» Try it: Search the records for lines with the word "treatment" and copy each match.

» Given data:
* * * * *

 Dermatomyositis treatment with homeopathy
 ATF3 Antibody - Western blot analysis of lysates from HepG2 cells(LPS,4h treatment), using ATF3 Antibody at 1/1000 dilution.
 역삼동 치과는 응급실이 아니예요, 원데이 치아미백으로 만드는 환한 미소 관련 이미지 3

* * * * *

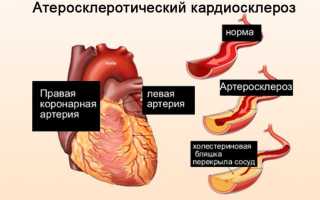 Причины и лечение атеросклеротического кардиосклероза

* * * * *

» Answer to this task:
 Dermatomyositis treatment with homeopathy
 ATF3 Antibody - Western blot analysis of lysates from HepG2 cells(LPS,4h treatment), using ATF3 Antibody at 1/1000 dilution.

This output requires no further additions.